This article was written by Andrei Shilkin, a Lead Software Developer at Akvelon, and was published on Medium.
Introduction
Any large enterprise project is the result of many sub-projects merged together. In our case, each project has been developed at different times by different developers and technologies. Initially, they were independent products, but they have been evolved into one unified product/platform. This evolution raises issues and questions about how to fix and manage inconsistency issues. It is particularly relevant for UI/UX. Suppose a design system (DS) was created, but it was unclear how to apply it to all projects.
This article shares an experience of how to start the migration of legacy UI to a new one.
What task was initiated?
The task was to update each sub-product to align with the new design system’s requirements. However, once we merged all sub-products into one system we faced styling issues. UI that had seemed the same until then began looking undesirable because of inconsistencies.
Additional acceptance criteria also included the following:
- Should be one place that is the source of truth for styles
- Shouldn’t be any code duplication among sub-projects (ideally)
- Should be shared so that everyone can contribute and make changes
- Should be possible for things to work in parallel
- Should not be doing the same things more than one time
- Should reduce costs on a future support
Let’s go through the issues we faced and consider what we could do.
What issues did we face? What could we do?

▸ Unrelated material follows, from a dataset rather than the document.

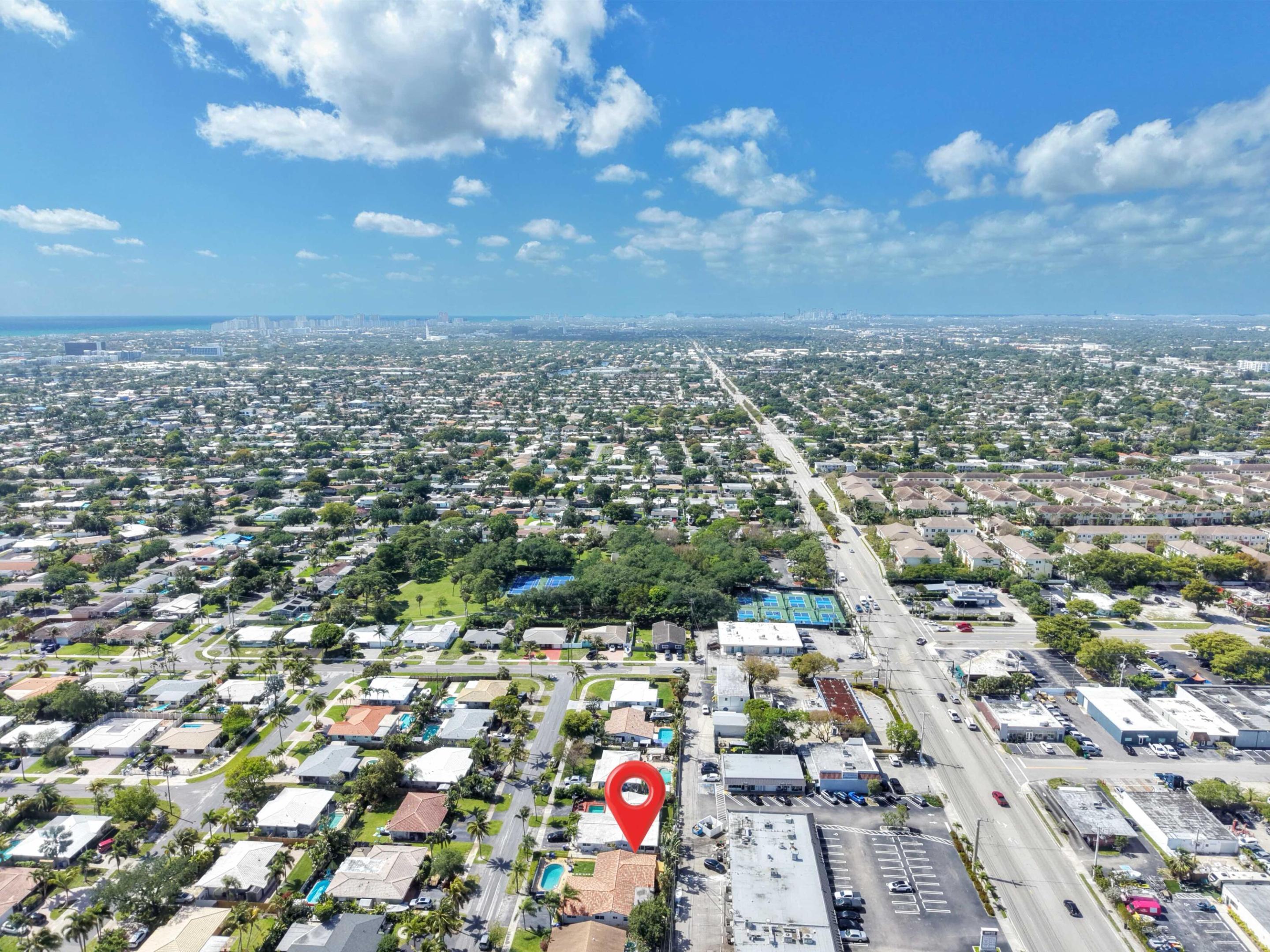 451 SE 1st #A & B Pompano Beach, FL 33060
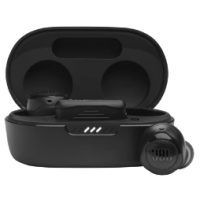 ��������� JBL QUANTUM TWS Air ������ (JBLQTWSAIRBLK)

When we dove deeper into new requirements and sub-project implementations, we figured out that:
- The new design system required making significant changes because some components have another structure and UX in comparison with the current implementation
- Each project (5+ projects) uses a different stack of technologies (ASP.NET WebForms, AngularJS 1.*, Angular 2+, ReactJS, different module bundlers (webpack, gulp, browserify) and etc)
- The same components have different implementations depending on the project (although, sometimes we have many implementations in one project)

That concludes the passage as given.